Price DUI case headed to trial
Aug. 12—A new trial date has been set in the DUI case against Pulaski County Deputy Judge-Executive Dan Price.
Price appeared before Pulaski District Judge Katie Slone on Wednesday afternoon for a pretrial conference which promised to resolve the case. The county official instead walked out with a September 10 trial date.
Price's attorney, Robert Norfleet, had filed a joint motion on July 30 indicating that an agreement had been reached between the defense and Special Prosecutor Thomas Simmons, the Wayne County Attorney who took over following the recusal of the local county attorney's office. The motion did not detail what that resolution might be.

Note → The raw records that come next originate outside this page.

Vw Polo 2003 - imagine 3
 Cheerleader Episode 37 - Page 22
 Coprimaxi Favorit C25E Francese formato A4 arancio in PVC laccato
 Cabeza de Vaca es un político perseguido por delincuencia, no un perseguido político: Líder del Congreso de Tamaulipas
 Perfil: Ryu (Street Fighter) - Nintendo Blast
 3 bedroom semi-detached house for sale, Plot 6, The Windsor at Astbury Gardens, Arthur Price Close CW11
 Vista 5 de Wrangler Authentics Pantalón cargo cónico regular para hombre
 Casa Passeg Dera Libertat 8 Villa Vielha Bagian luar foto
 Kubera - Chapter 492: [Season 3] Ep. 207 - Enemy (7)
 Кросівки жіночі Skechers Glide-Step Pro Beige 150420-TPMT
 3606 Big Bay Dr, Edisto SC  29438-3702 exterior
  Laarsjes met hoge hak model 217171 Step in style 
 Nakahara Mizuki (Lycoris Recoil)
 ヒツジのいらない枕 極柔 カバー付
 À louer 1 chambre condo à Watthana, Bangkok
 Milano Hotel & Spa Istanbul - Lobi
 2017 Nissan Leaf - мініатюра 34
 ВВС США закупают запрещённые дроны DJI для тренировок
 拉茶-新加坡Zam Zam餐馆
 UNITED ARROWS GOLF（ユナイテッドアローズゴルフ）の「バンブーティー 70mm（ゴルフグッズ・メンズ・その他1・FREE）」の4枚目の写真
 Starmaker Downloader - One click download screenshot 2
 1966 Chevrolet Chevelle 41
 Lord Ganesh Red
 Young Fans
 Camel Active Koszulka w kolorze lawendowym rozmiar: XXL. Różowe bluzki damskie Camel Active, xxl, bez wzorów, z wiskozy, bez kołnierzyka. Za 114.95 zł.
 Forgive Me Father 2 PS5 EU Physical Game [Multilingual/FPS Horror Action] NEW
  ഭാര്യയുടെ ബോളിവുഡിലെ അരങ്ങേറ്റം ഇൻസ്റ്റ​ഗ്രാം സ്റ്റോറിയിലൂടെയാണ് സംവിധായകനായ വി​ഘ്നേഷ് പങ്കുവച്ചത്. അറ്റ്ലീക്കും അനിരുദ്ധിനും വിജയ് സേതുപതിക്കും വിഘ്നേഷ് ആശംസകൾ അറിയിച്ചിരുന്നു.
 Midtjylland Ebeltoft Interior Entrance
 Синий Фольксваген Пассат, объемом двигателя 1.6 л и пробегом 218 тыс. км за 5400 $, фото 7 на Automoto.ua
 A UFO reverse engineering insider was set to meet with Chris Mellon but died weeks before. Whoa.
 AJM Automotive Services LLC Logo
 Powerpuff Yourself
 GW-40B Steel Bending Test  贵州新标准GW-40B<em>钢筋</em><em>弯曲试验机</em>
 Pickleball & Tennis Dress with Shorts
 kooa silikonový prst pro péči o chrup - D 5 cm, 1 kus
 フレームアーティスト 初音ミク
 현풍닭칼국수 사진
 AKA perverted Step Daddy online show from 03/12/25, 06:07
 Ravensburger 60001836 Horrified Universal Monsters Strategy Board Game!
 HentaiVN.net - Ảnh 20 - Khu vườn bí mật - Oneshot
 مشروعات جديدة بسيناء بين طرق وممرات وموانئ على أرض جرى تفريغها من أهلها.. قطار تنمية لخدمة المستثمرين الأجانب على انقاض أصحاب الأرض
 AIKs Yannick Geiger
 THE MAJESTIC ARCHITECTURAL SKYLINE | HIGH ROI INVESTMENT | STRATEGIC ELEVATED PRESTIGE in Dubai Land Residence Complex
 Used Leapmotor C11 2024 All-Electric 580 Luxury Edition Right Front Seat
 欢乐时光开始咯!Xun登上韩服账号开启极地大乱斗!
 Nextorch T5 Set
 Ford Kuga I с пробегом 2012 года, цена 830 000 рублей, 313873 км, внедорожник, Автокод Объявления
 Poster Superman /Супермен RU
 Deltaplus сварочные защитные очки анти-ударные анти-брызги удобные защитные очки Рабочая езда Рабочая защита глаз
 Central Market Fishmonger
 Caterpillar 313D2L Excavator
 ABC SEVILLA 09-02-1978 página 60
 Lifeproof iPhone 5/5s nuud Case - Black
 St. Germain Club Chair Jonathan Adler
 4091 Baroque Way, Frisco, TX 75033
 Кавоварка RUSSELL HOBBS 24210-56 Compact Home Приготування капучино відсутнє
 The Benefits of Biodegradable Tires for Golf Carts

In December 2019, Price was charged with aggravated Operating a Motor Vehicle under the Influence of Alcohol or Drugs (first offense), Careless Driving, and Failure to Use or Improper Signal after being stopped in the Barnesburg community. Kentucky State Trooper Adam Childress, who conducted the traffic stop and served as arresting officer, reported observing Price's county vehicle weaving. Once he made contact with the driver, the trooper reported smelling alcohol and administering a field sobriety test which the deputy judge didn't successfully complete.
Price was initially transported to Lake Cumberland Regional Hospital, where after an unsuccessful attempt to contact an attorney, he declined to have his blood drawn for testing of his blood alcohol level.
Case proceedings were delayed with the onset of the COVID-19 pandemic and subsequent halting of jury trials and most in-person hearings. A subsequent Kentucky Supreme Court ruling from April of this year now prohibits the introduction of a defendant's refusal to submit to a warrantless blood test as evidence of guilt or grounds for a stiffer punishment.
Simmons cited the case, Commonwealth v. McCarthy, as the main reason that he was asking the court to dismiss the DUI and signal charges while amending the Careless Driving charge to Texting from a Personal Communications Device.
Trp. Childress appeared with Simmons, testifying that he was aware of the agreement and respected the prosecutor's position in the matter. He further explained, on questioning from Judge Slone, that evidence of Price texting consisted of his admission after being pulled over.
"McCarthy has tied the Commonwealth's hands," Simmons advised the court. "All we have is the field sobriety test, which can only indicate a presence of alcohol, not intoxication."
Simmons went on to say that the defense has video and witnesses who are prepared to testify that they "thought [Price] was fine" just minutes before he was pulled over.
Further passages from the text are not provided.